Quote Originally Posted by painretreat
emilya: I cannot blame the institution of education. It has changed in the past 150 years. I know a few women (my friends parents) that are in late 80' and one just turned 93! I am impressed with the knowledge they have. I told the 89 yr. old a few months ago, how much I admired her knowledge of just about anything! She retorted, "It isn't me, it is due to the fact, we had better teachers then!" She is right.

And "No Child Left Behind" and passe some idiots that may be in the 'Freshman' class, you are speaking of!

72' HDTV, did you catch the Baseball game tonight? Was pretty good.

My answer to "Be home at nine!" DVR and watch the programs when I can push it into my schedule!

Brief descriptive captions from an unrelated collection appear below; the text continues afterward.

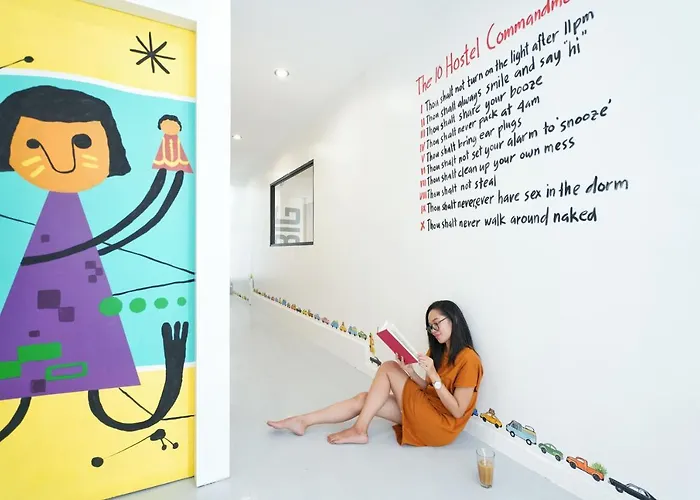 Murals And Cafe *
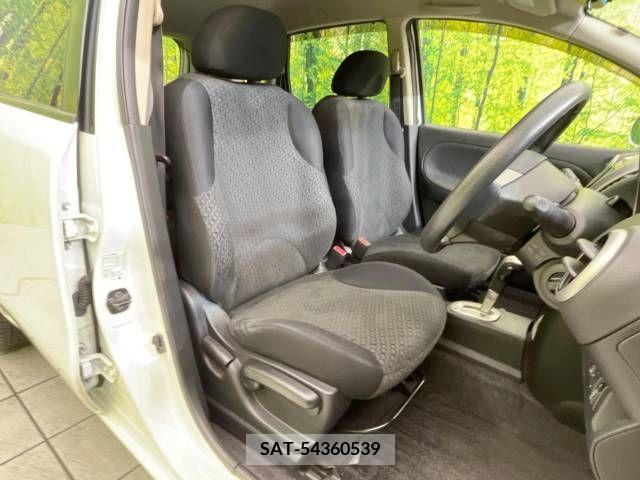 Nissan NOTE 2011-09 338471-8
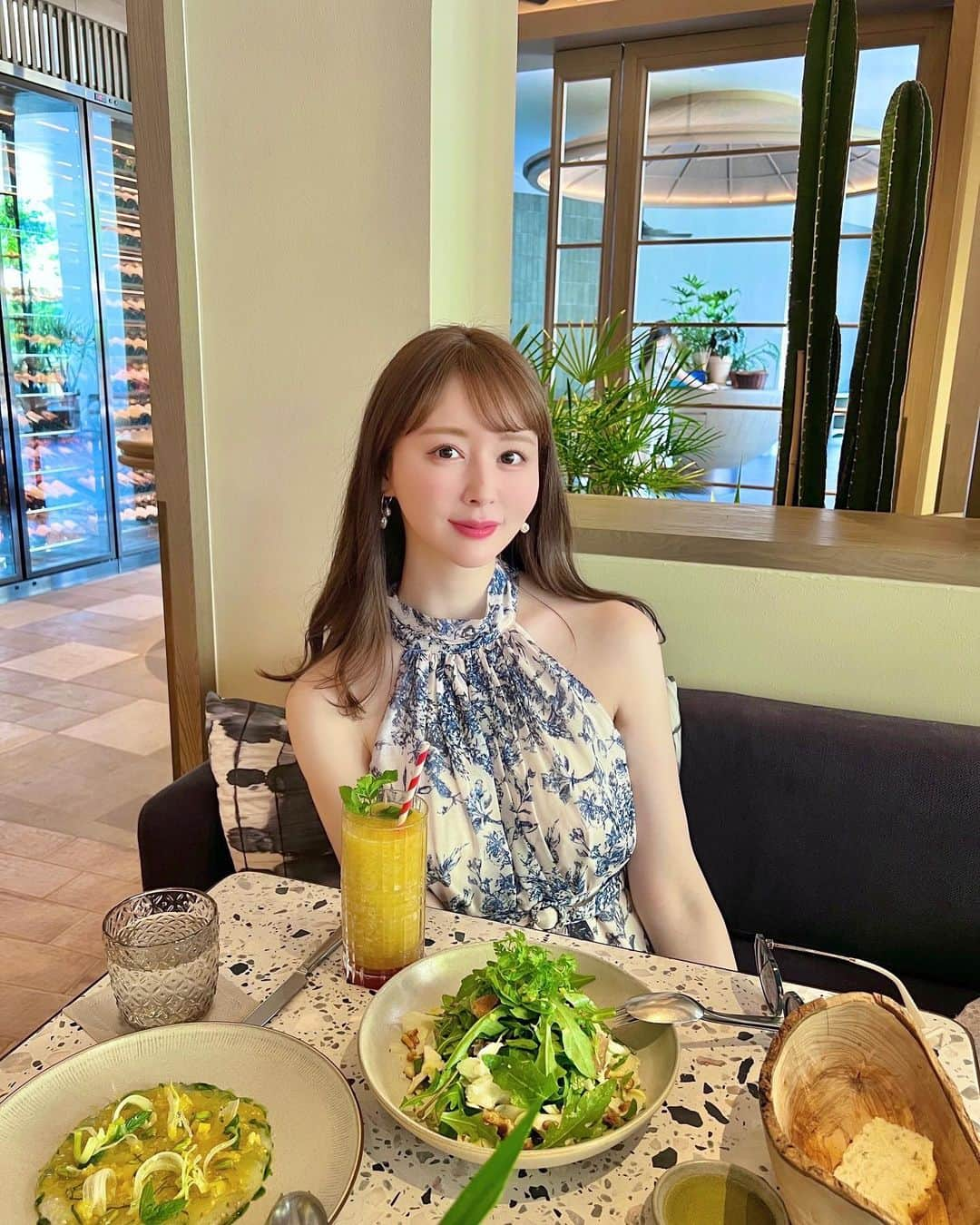 ayakoさんのインスタグラム写真 - (ayakoInstagram)「Capella Singapore🏖🇸🇬 ご飯もおいしくてプールもお部屋も最高でとっても癒された💛 またいきたい🥥💖  #capella #capellasingapore #シンガポール旅行 #シンガポールグルメ #シンガポール🇸🇬 #海外旅行 #プールサイド #ココナッツ」7月3日 18時25分 - ayapooh_22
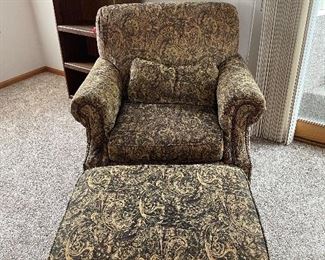 Bassett Oversized Chair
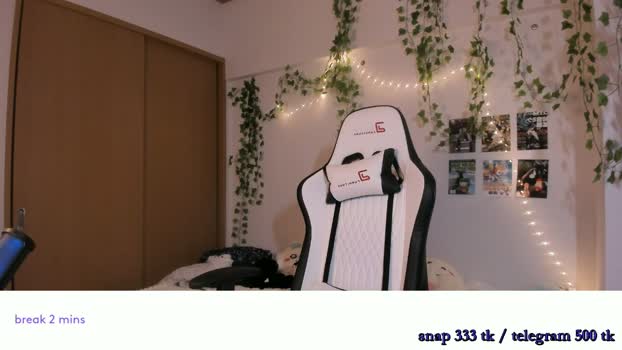 vivian_qwerty natural Webcam SHOW @ Chaturbate 09-04-2026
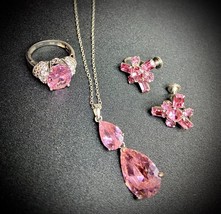 Vintage Pink rhinestone pendant, earrings and ring set, unsigned - £51.14 GBP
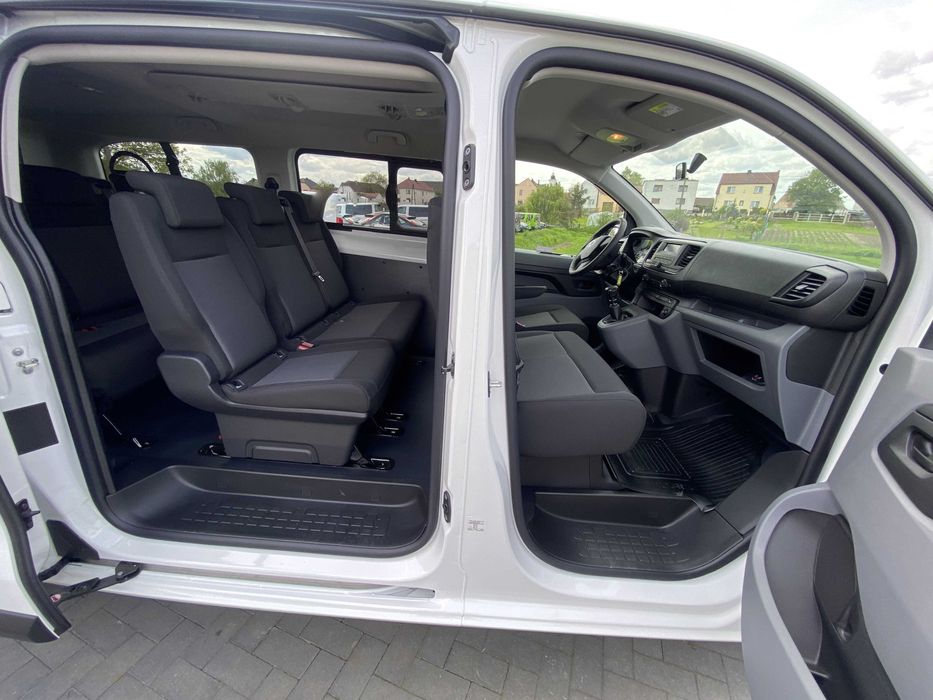 Wynajem Bus 9-os Toyota Proace  Winiety GRATIS wolne terminy wakacje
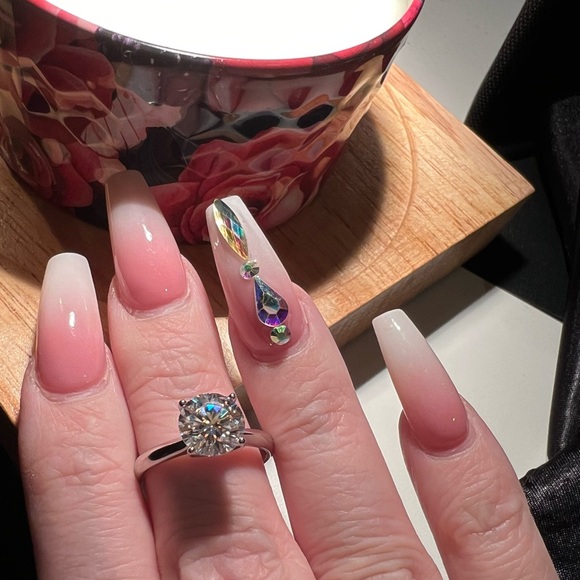 Certified GENUINE 3.0 Carat Moissanite
Solitaire Ring 925 Sterling Silver - Picture 4 of 13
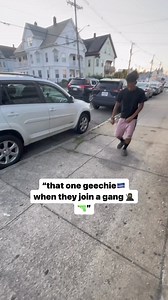 🤣 POV: When a Geechie Tries to Join a Gang 🤣When you’re fresh off the boat but still trying to rock that “gangster” swag 💀Our guy out here like, “I’m joining the hardest gang out there!” Meanwhile, the cameraman’s like, “Yeah… Geechie Gang! 🇨🇻” 😂Sometimes it’s all about the style, right? Or is it? 👀Watch the whole video for the ultimate punchline—Cape Verdean style!Who else has a Geechie in the crew with that ‘unique’ drip? Drop a comment if you can relate!🎥 Video credit: @zxnlvisFollow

I do understand what you are saying though! Our schools are over-crowded and parents are both working, some, even 2 jobs and it is tuff! pr
Hi PainRetreat!

You are of course right... schools have changed in the last century. Teachers are no longer allowed to discipline in their classrooms and the pledge is not being done anymore. An exceptional child now must be slowed down in order to allow the slower children to keep up and teachers are forced to spend their time making certain that their classrooms can pass the Department of Education sponsored tests instead of teaching what may be interesting to their kids.
I am convinced that we could get a better education for our young people by using our current technology. Teachers must be allowed to innovate. In the college world, a person will choose to study under a certain professor because that person has been identified as "the best" teacher of that subject. Why could this concept not be moved to our high schools using the internet? Can you imagine what would have happened if we had for instance, Larry Sabado or Bill Clinton teaching civics... Ben Stein teaching anything... Bill Nye teaching physics... The kids would love it, costs could come down in local schools and because the marketplace would choose who these very best of the teachers were, the quality of education would increase nationwide. We desperately need to get the government out of our schools, but without finding a way to cut local costs, this will never happen. The entire system needs to be restructured and my proof that we need this is the constant decline in graduation rates.